I mean, if they're federal grantees, they are sometimes right. I mean, isn't that one of the big controversies of the Trump administration right now is they're subjecting grantees to more cost benefit analysis that like is skewed in favor of
highway projects depends on the grant. But I mean, if you're adding a crosswalk or something, no. And I'm pro crosswalk. But just to go back to NHTSA, for example, if you look at the proposed changes to the two vehicle design that were made late in the Biden administration, no changes, which, by the way, I not only support, but I submitted a comment supporting basically the changes that they ultimately proposed. They themselves. NHTSA acknowledged that the number of deaths that would be prevented was very low. Now, every death avoided is a success that should be celebrated, right? So I don't want to minimize that. At the same time, we're talking about very small marginal changes, something like 1% or less of vehicle occupant deaths, for example, in one of the changes, and a far lower number in the pedestrian category. So the you know, just to contrast that small, those small numbers, which, by the way, would take decades to manifest because the rules were going to take a long time to go into effect, then you have fleet turnover. The average car on the road is 12 years old. So right? Take decades. Right. Meanwhile, lots and lots of people are being killed. Compare that with failure to wear seat belts. About half of people who are killed, vehicle occupants that are killed in car crashes are not wearing seat belts. Half speeding and drunk driving are associated with about a third of traffic deaths each there's some overlap there, so it's not two thirds together, but these are huge, huge pieces of the pie. And I worry that the focus on design is attractive because it's tangible, but it's actually a much smaller percentage of the opportunity than some of these other pieces, if we can figure out how to get people to wear seat belts, which used to be a major project back when states were in a business of you know, when they were debating whether to have seat belt laws. Now, nearly all of them have seat belt laws, and there haven't been a lot of good recent studies on how to get people to increase their compliance. So if we can figure out how to. Do that will save way more lives. Urbanists like myself would also like to make it safer to to, you know, walk and bike etcetera in cities. And I think that's perfectly that's a great goal, and we should do that too. But, you know, in terms of the life saving opportunity, I think it is actually in some of these big chunks that are persistent challenges that we have not been that we have not solved. Yeah,
I mean, I guess for me, my challenge there is that I think there are design solutions to those big chunks of problems, like seat belt use. You could, you we could, you know, we can have the complex conversation about the long and very colorful history of seat belt laws in the country around like, specifically vehicle design standards and making the mandatory and similar to airbags and other things like that. But, you know, we have an approved rule right now around anti drunk driving technology. And the implementation of that is really fraught, but it does have the potential to end virtually all drunk driving as we know it. You know, absent the concerns about fleet turnover and things like that, I personally am like, how do we just expand our imagination? And what if we were talking about, like a Cash for Clunkers program for every program, every vehicle, without this anti drunk driving technology? What if we were talking about putting speed limiters on every car in America, or these bills that we're seeing out of Washington and New York and all these really other transformative places to at least put speed limiters on the cars of recidivist speeders and things like that. I don't know, I I guess you actually
don't need, you don't need to wait. I mean, those technologies, the interlocks and the ISA television speed assistance for recidivist speeders don't require they can be outfitted aftermarket to existing cars. Absolutely.

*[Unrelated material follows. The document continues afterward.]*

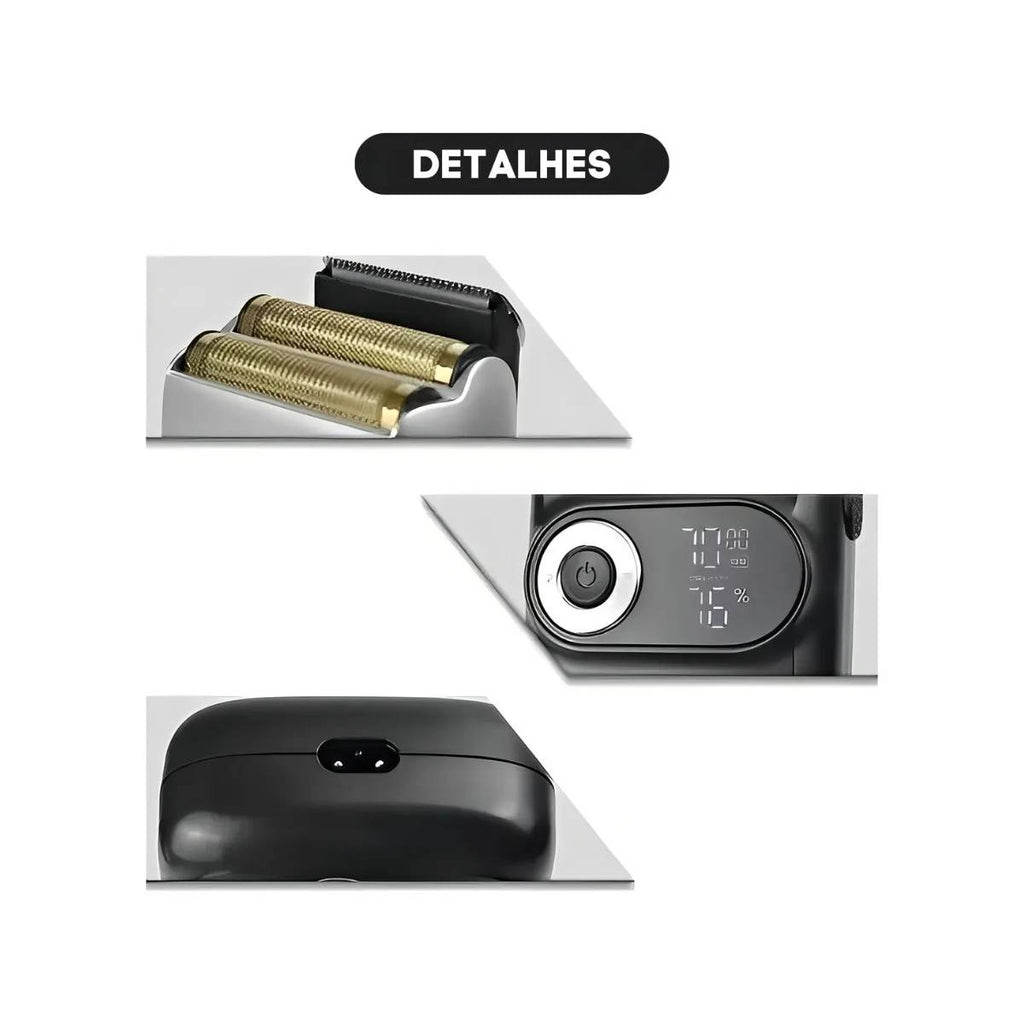 Maquina Kemei KM-2026 Shaver Sem Fio Bivolt Recarregável - TXD-KM-2026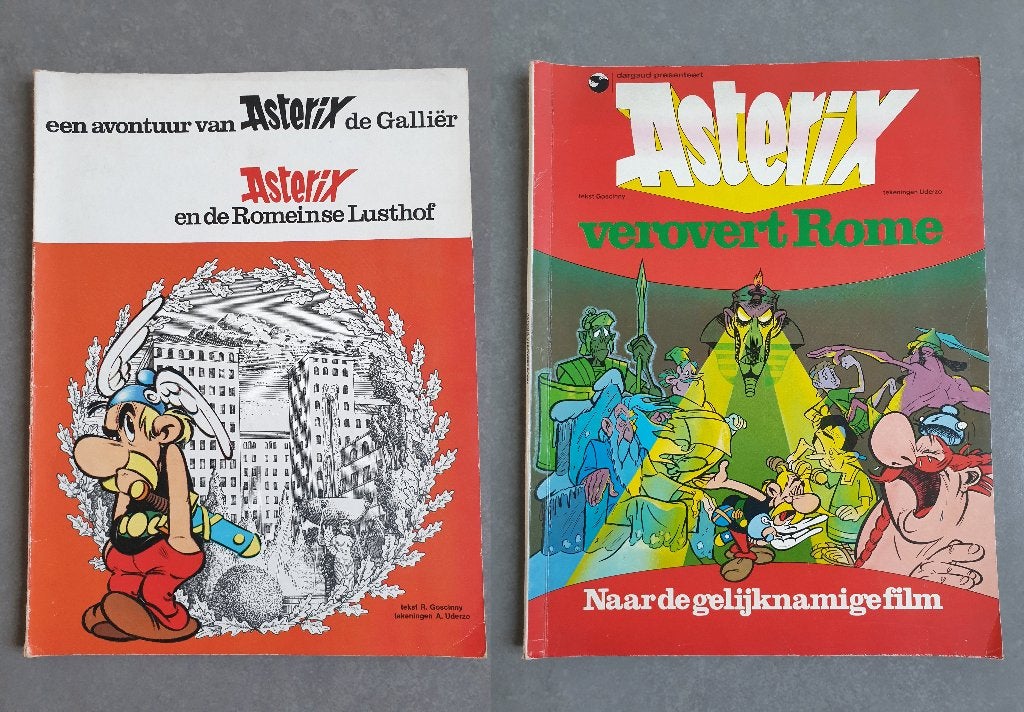 2 strips van Asterix (eerste druk), Meerdere stripboeken, Ophalen of Verzenden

Yeah. I mean some respectful disagreement here. I think my biggest concern about the design essentialist argument is that I think maybe you're alighting a little bit the conversation about the harms of enforcement based models and fine based models. And I just, I don't know that we can conflate, like that conversation with a myopic focus on design alone, right? Like, I just feel like de prioritization doesn't always mean disavowal for one and like for two. They are both forms of harm, and they are both ways that people die in our society, and they both deserve attention. I don't know if that's fair to inject into this conversation. It's a little outside of the scope of the paper, but it is definitely within the scope of our coverage. So I would be remiss if I didn't mention it.

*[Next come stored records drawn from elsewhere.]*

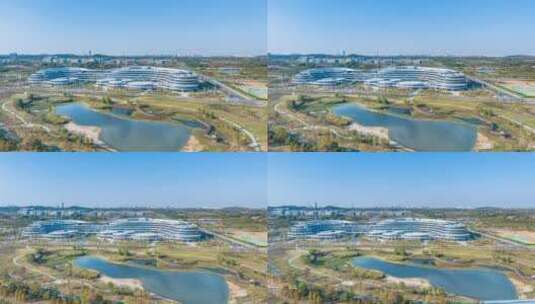 江西九江鄱阳湖生态科技城特写延时视频高清在线视频素材下载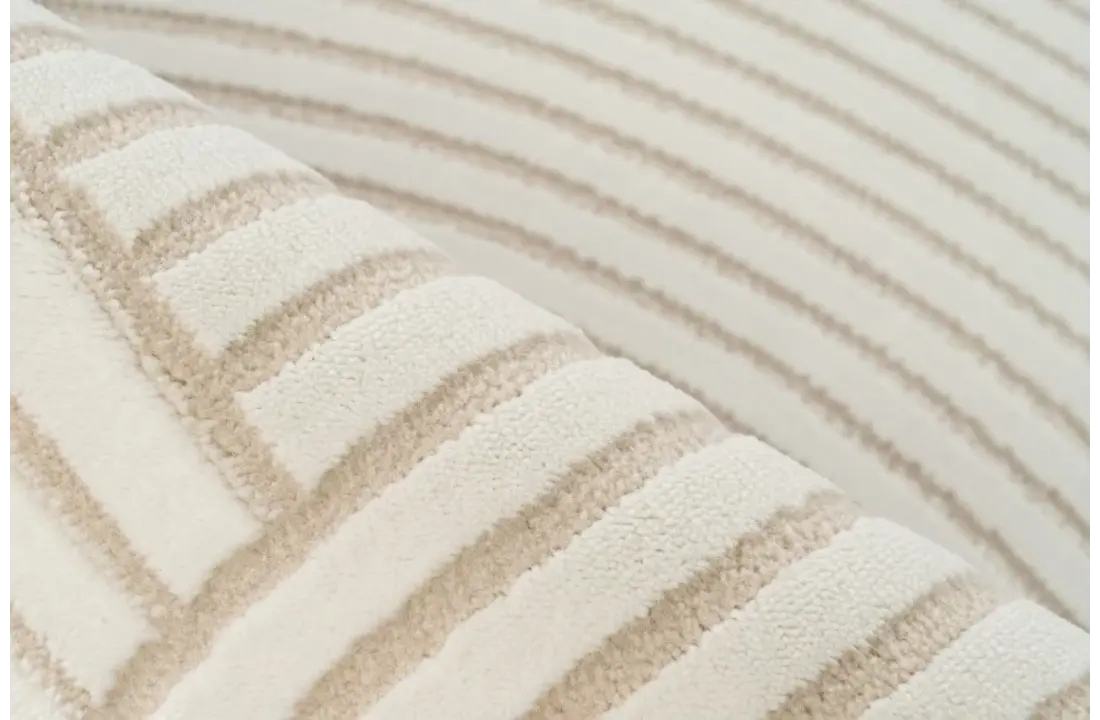 Elif 402 | Vloerkleed Japandi Stijl - Ivory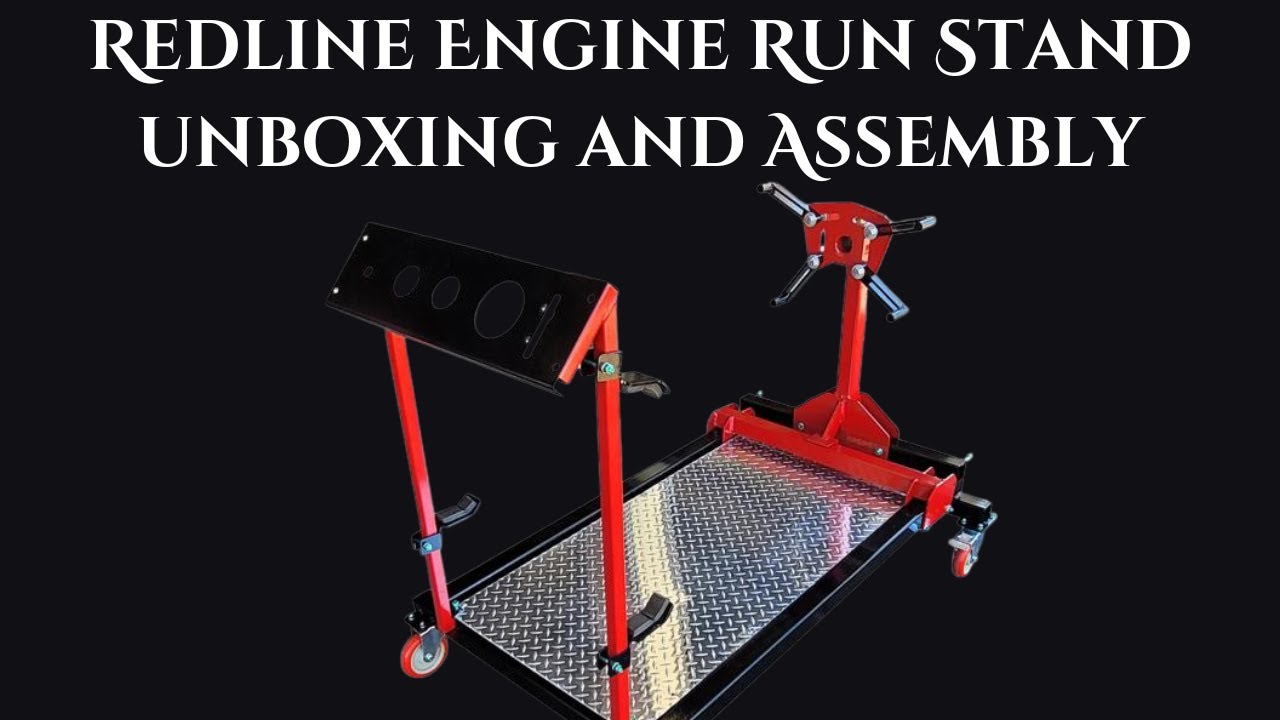 Redline RE ENGS Engine Run Test Stand and Assembly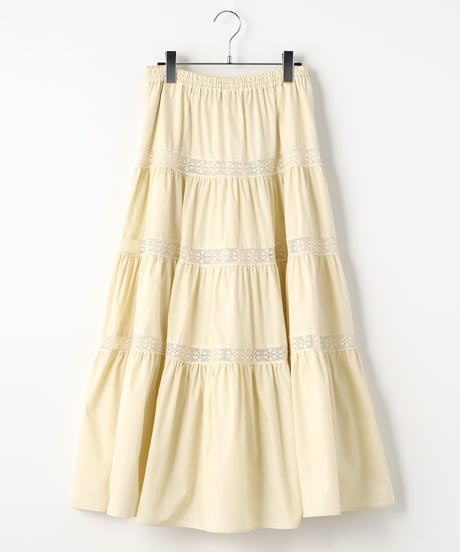 Lace Inserted Skirt 2912-910 ¥39,600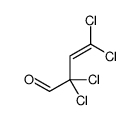 2,2,4,4-tetrachlorobut-3-enal结构式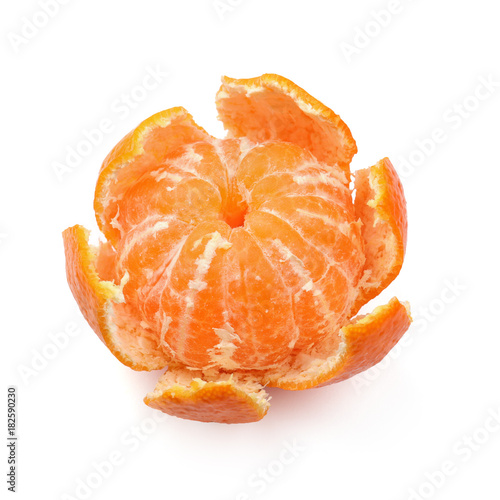 ripe juicy peeled mandarin orange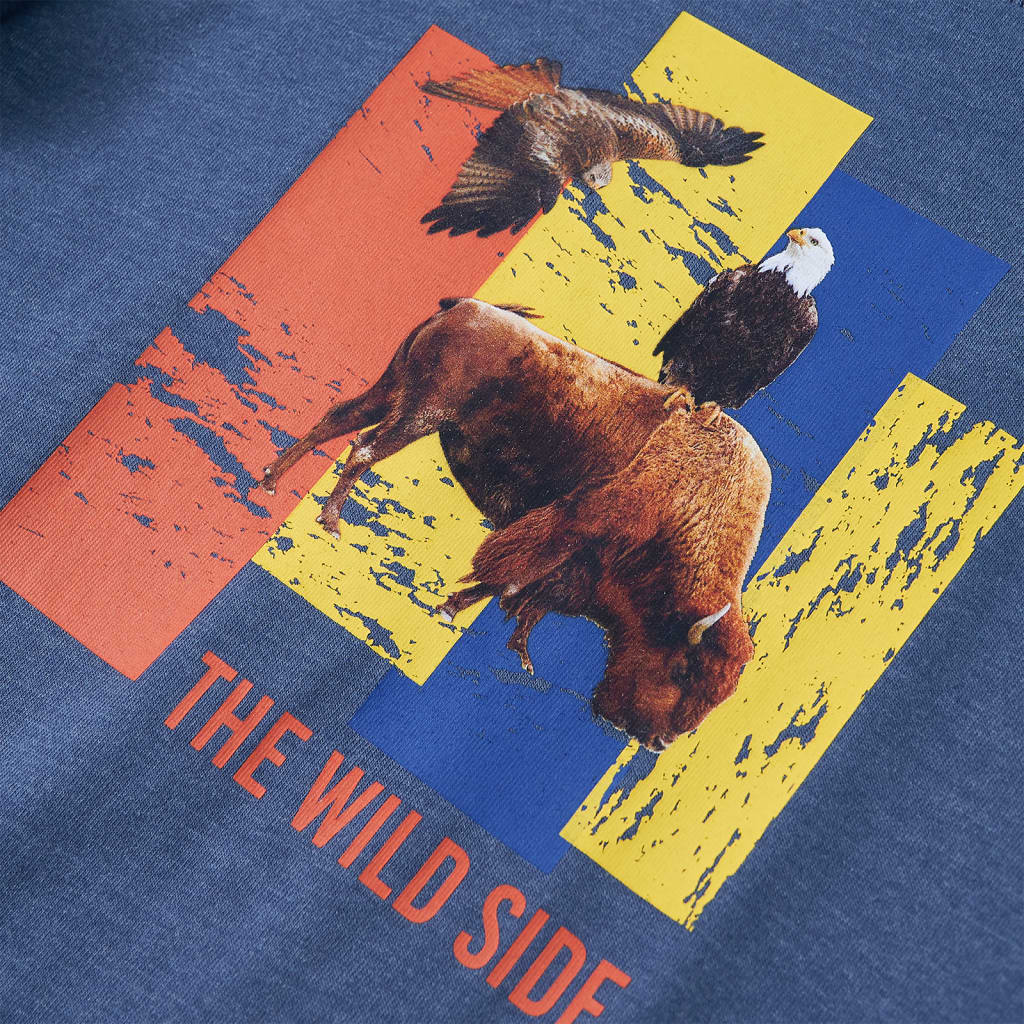 Kindershirt met lange mouwen 92 gemêleerd blauw - Image 4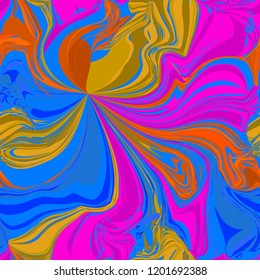 Seamless wave pattern.  Colorful waves backdrop.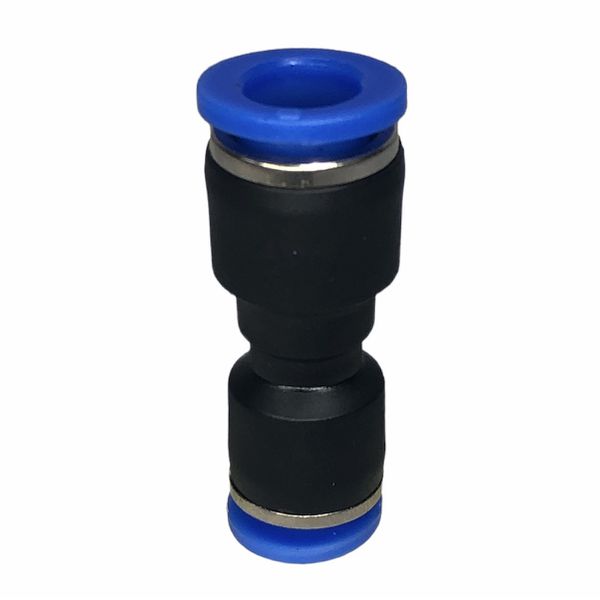 Conexão Pneumatica União Emenda Redutora Fluir Tubo 08x06mm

I think there's room for lots of opinion here. I think the withdrawal of public services is something to be very concerned about, whether it's closing a school or park or simply deciding not to enforce life saving speed laws, for example, how we enforce those speed laws is a separate question. And talk about lack of imagination, I think there's a conflation often in the adjacent space of criminal justice reform, between enforcement on the one hand, and violent intervention by armed agents of the state. On the other probably because most of that criminal justice reform conversation does actually center on those interactions, not all, but most, and that's just one example, right? Well, obviously speed cameras are another prophylactic measures like requiring ISA and interlocks are yet another where those are ordered either mandated or by basically plea agreement, you know, via the justice system. And so those mechanisms that you praised a minute ago are actually expressions of coercion that require enforcement by the state. So it's, I think it's important to avoid a kind of binary classification here and acknowledge that there are roles for various forms of enforcement to achieve legitimate and important improvements in safety, especially for those who live in neighborhoods that have the highest rates of traffic violence. Now, of course, I'm concerned about excesses police, you know, brutality and excesses of force, harassment so on. That's why I endorse automated enforcement. There are better and worse ways to do automated enforcement, but one advantage is it's visible and can be challenged. That is to say, the cameras are public and their locations, and many states have to be publicized and advanced. And the cameras themselves do not discriminate. They can be set up to discriminate in terms of where they are and so on, but those locations, again, are public information and can be challenged. Contrast that with the discretion of individual. Officers, which is much harder to challenge, and or the abandonment of enforcement altogether, which is also legally impossible to challenge. So I think we're making a big mistake in advocating the safety conversation to people who don't have the best interests of cities or of missions of traffic violence at heart,
fascinating stuff. Thank you for engaging in a respectful disagreement. I always I don't want every conversation that I have on this podcast to be like me, just like nodding my head and grinning all the time, because I think your perspective is valid. And there were moments of creativity in this paper that I was like, Yeah, I can see why this particular enforcement based model would make sense. Like you posited the idea of, like, an anti speeding bond, where everyone buys $100 bond at the beginning of the year, and if they don't get caught speeding by the end of the year, they get the money back with some interest. I thought that was a brilliant idea. And I think that's a really interesting conversation to have about how we can expand this enforcement based conversation, but I want to make sure that we get to the second half of the paper, and I don't want to waste your whole day. So let's do a quick pivot here to talk about the quality of life side of the coin, how folks in the Centurion set, or near Centurion set, cannot, just like continue to not die on our roads, but can actually enjoy their lives. So in urbanism, we tend to assume that non driving seniors will benefit from, like, all the same things that people of other age cohorts benefit from, you know, our walkable neighborhoods, our proximity of, you know, necessary destinations, all those sorts of good things. But you argue, kind of in this paper, that that's not exactly true, and we need to be using a different set of tools if we want to give people the opportunity to age in place or with grace in an area where cars are optional. What are some of those tools? And maybe we could make sure to include a definition in there somewhere of this great time out sorting concept, because I've never heard it before, and it is all over this book, and it is really useful.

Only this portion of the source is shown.